Presente ao Seminário, o deputado federal Vicentinho (PT-SP), sugeriu que irá apresentar na Câmara dos Deputados proposta de instituição do Dia Nacional da Tradição e Cultura Bantu. O parlamentar sugeriu que a proposta pudesse ser levada a apreciação das lideranças de povos e comunidades tradicionais de matriz africana bantu presentes ao evento, Tata Katuvanjesi fez o encaminhamento da propositura, os presentes, por unanimidade acolheram a sugestão do Tata Munguaxi, patriarca do Terreiro do Bate Folha no sentido de que a Data de 13 de outubro como Dia Nacional de Celebração da Tradição e Cultura Bantu.
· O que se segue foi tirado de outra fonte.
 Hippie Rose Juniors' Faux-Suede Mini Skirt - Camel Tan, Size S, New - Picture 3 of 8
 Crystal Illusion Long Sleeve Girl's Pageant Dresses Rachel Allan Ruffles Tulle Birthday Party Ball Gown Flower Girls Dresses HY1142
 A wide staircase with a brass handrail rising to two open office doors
A comunidade acadêmica intelectual foi representada no evento pela reitora da Universidade Federal de São Paulo, Soraya Soubhi Smaili, que acompanhada da professora doutora Raiane Patricia Severino Assumpção, Pró-Reitora de Extensão e Cultura, além de professores Deivison Nkosi, Renata Gonçalves, Patricia Cerqueira dos Santos entre outros. O Seminário, considerado um ineditismo pelos presentes, contou com a participação de inúmeras lideranças de povos e comunidades tradicionais de matriz africana, além da presença do ator Angolano Celso Roberto eternizado no Brasil por Kiluanji, por ter vivido o personagem na novela Windeck, exibida pela TV Brasil e do dançarino e coreografo Carlinhos de Jesus.
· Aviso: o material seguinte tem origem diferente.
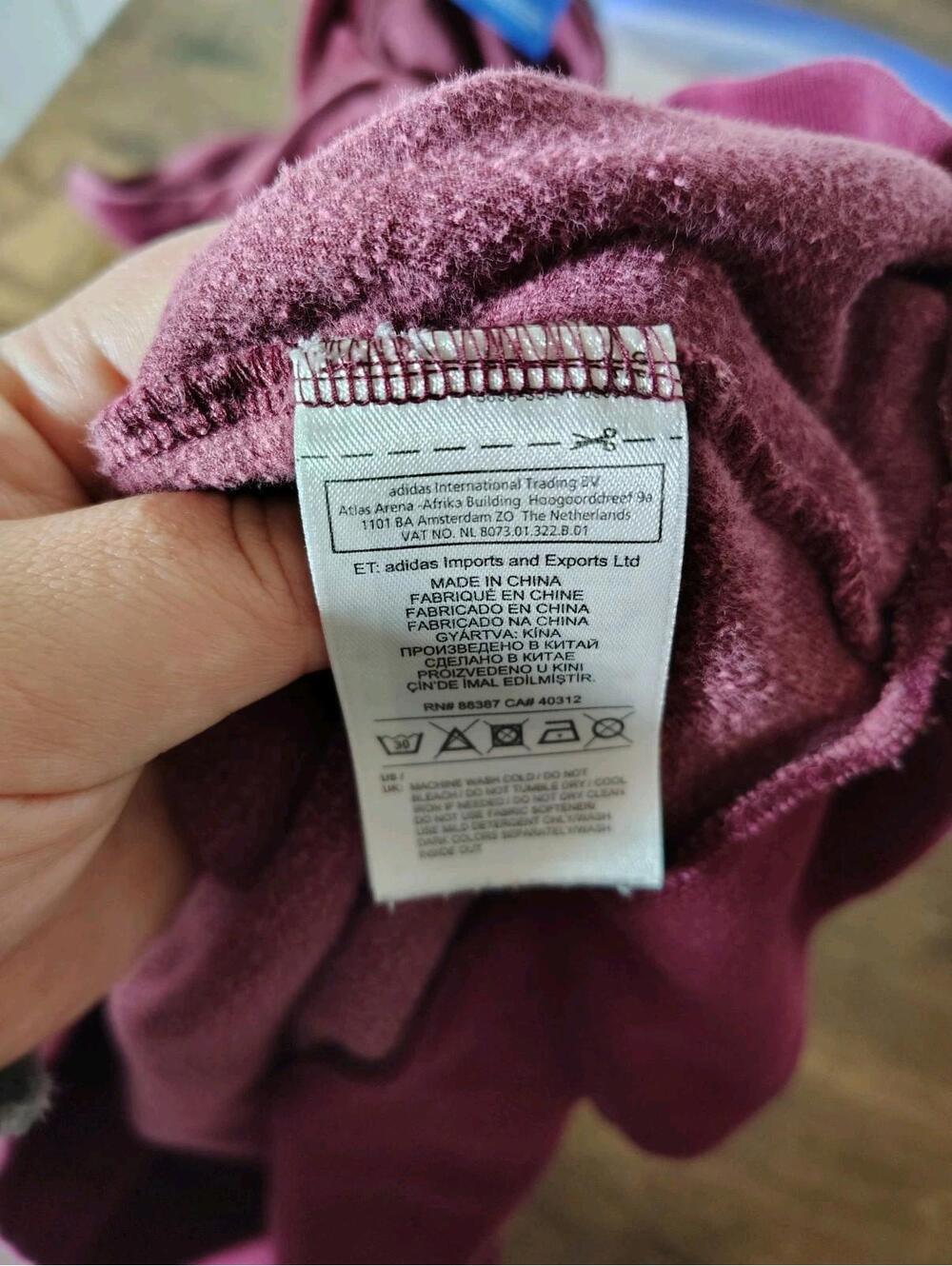 Adidas Velvet Hoodie Sz M Maroon Purple  Embroidery Activewear Zipper Y2k Unisex - Picture 5 of 9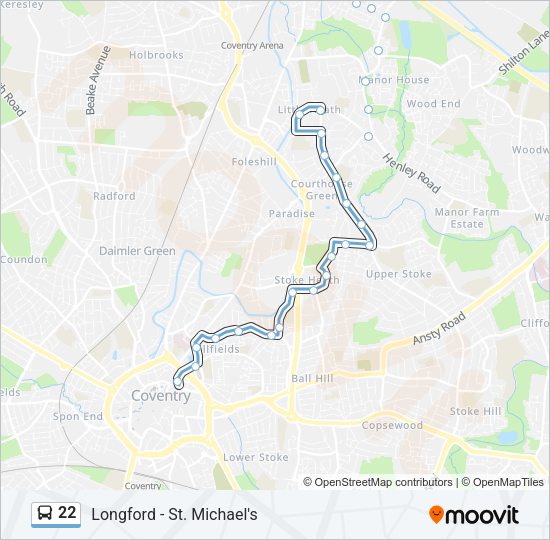 22 Bus Line Map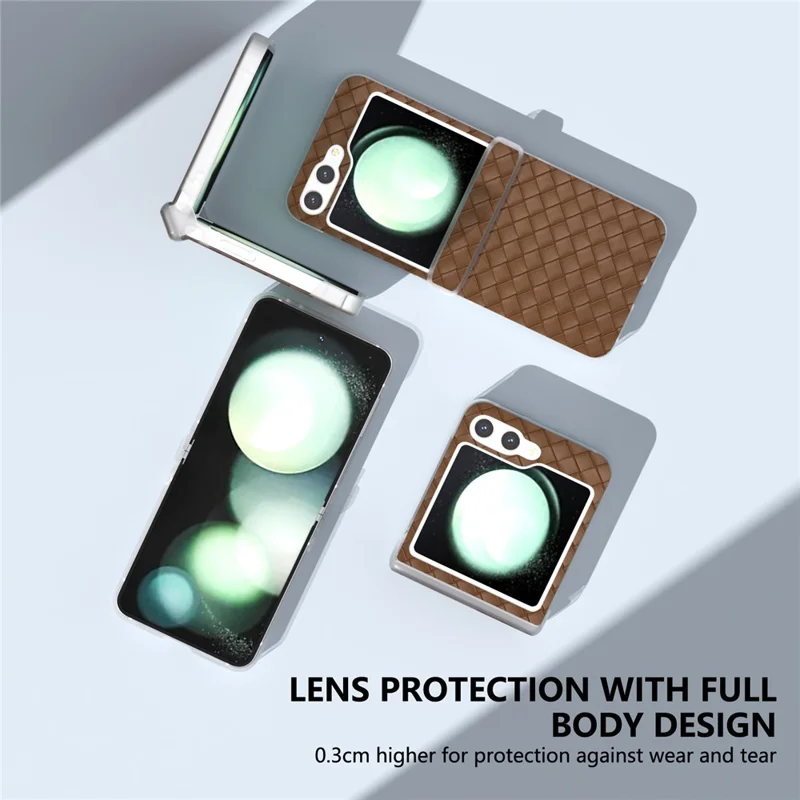 For Samsung Galaxy Z Flip5 5G Case Woven Texture Hinge Protection Leather Phone Cover - Brown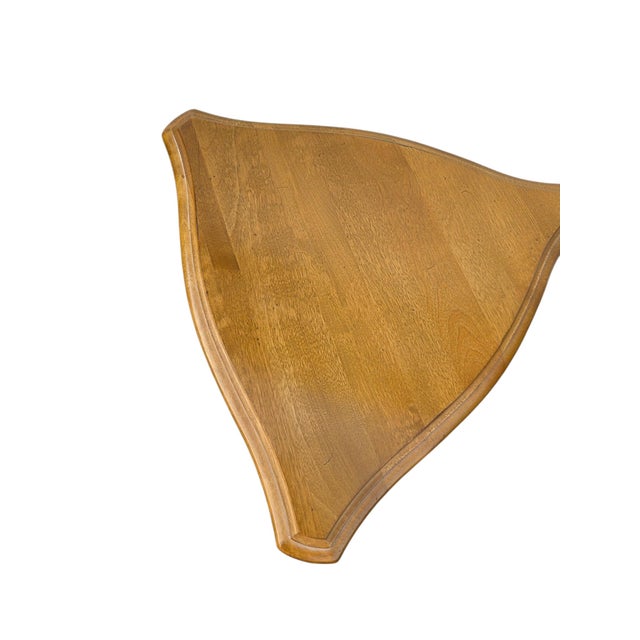 Wood Vintage Ethan Allen French Country End Side Triangle Corner Table Distressed Finish 246 For Sale - Image 7 of 11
No último dia, sexta-feira (13 de outubro), foi a vez da presença do alto representante do Governo de Angola no Brasil, o embaixador Nelson Manuel Cosme, que falou aos presentes fazendo alusão a cidade de Mbanza Kongo que recentemente foi reconhecida como patrimônio da humanidade pela Unesco-ONU. Em seguida, o antropólogo Pedro Neto, membro do ILABANTU, moderou a exibição e lançamento do documentário Kaitumba: A Lavagem das Escadas da Catedral de Campinas, que retrata a trajetória de duas lideranças, Mãe Dango e Mãe Corajacy.
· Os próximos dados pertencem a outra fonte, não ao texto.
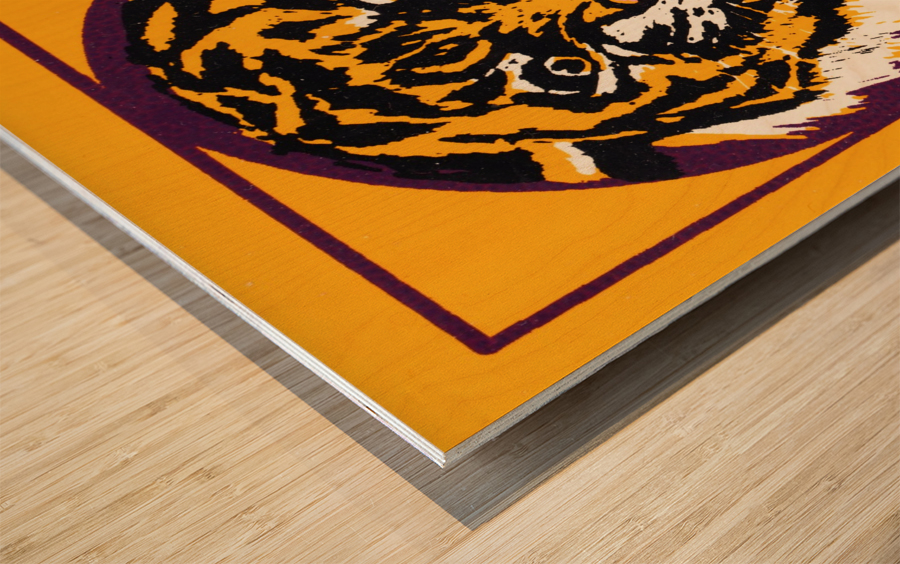 LSU Tigers Retro Eighties Art Print  Wood print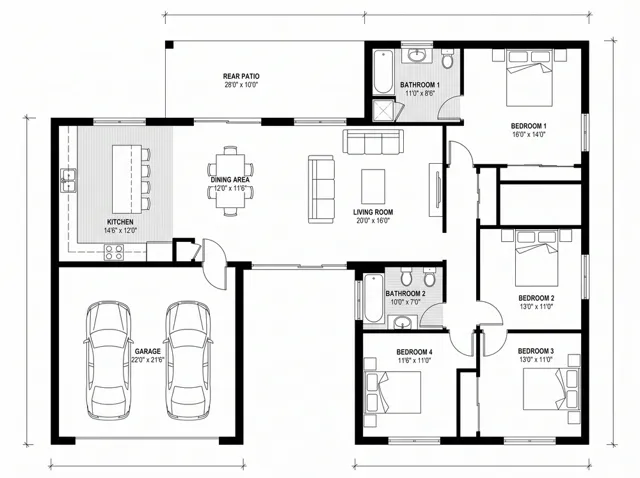 Floor Plan Creator: modern 4bed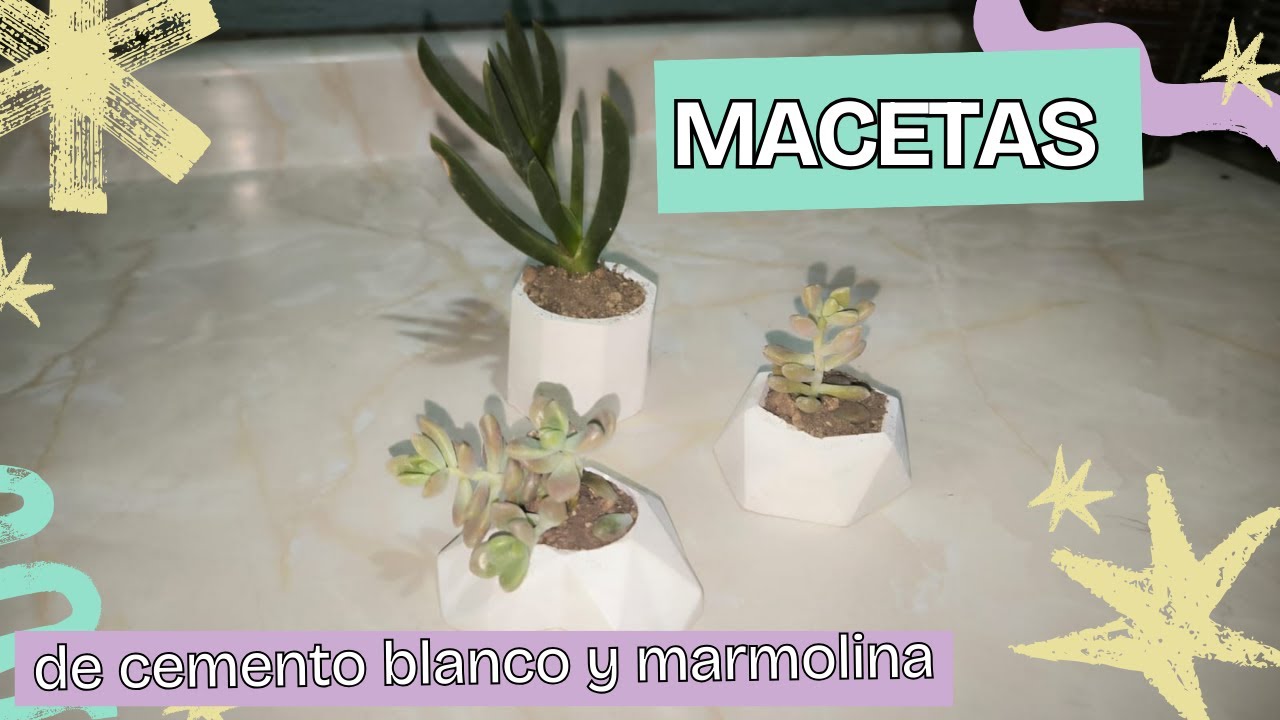 Macetas con Cemento Blanco y Marmolina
Ao final do seminário foram homenageadas as autoridades presentes, as quais com muita ênfase reafirmaram seus compromissos para com o destino das Comunidades Tradicionais de Terreiro. Tata Katuvanjesi deu posse as Coordenadoras do ILABANTU na Bahia e Espirito Santo, respectivamente Makota Patricia Pinheiro, de Nkosi e Mam`etu Nkisi Luangoiasi, professora Anajete Coelho Pinto.